• Input for this task
================
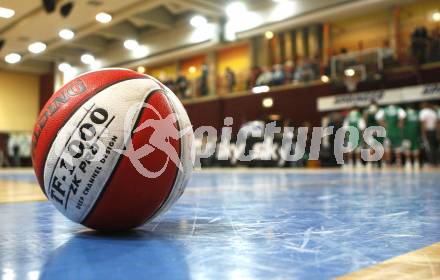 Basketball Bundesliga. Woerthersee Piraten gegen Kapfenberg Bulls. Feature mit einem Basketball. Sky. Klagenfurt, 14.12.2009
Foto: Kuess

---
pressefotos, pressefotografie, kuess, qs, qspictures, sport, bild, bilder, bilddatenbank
================
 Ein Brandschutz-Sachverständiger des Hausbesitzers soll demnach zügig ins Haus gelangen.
================
Both the line above containing "Basketball Bundesliga. Woerthersee" and the line containing "bild, bilder, bilddatenbank" belong in the copy, along with every line between them; print these exactly and omit the pictures.

• Response area
 Basketball Bundesliga. Woerthersee Piraten gegen Kapfenberg Bulls. Feature mit einem Basketball. Sky. Klagenfurt, 14.12.2009
Foto: Kuess

---
pressefotos, pressefotografie, kuess, qs, qspictures, sport, bild, bilder, bilddatenbank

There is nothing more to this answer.